Work request
Once the line holding "Bateau-hôtel Precioso Yate" appears, repeat it and each line after it to the end of the data, exactly and with nothing else; pictures stay out.

Data
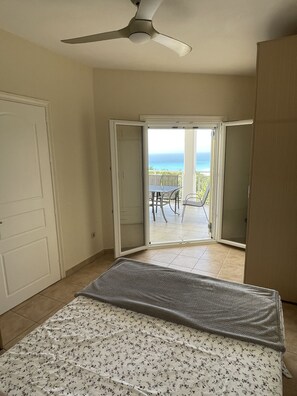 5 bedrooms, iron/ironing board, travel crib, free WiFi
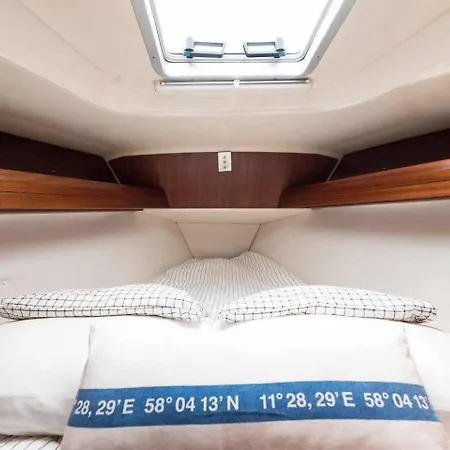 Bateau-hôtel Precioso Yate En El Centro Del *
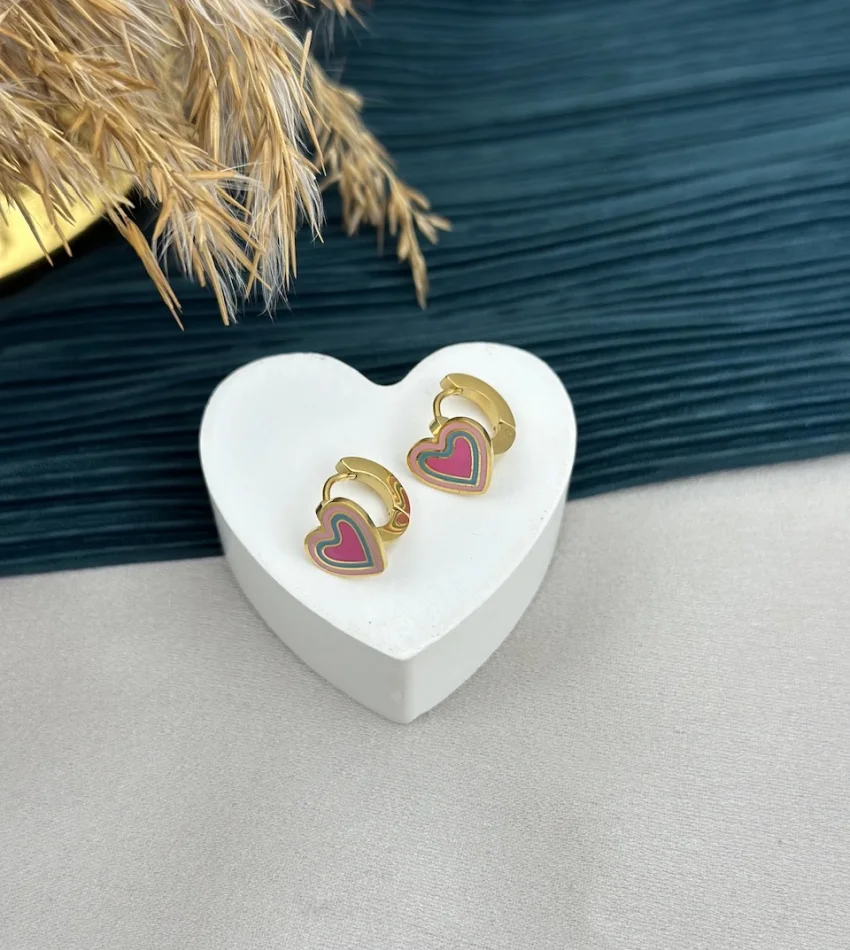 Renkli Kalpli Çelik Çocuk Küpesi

Output of the exercise
 Bateau-hôtel Precioso Yate En El Centro Del *
 Renkli Kalpli Çelik Çocuk Küpesi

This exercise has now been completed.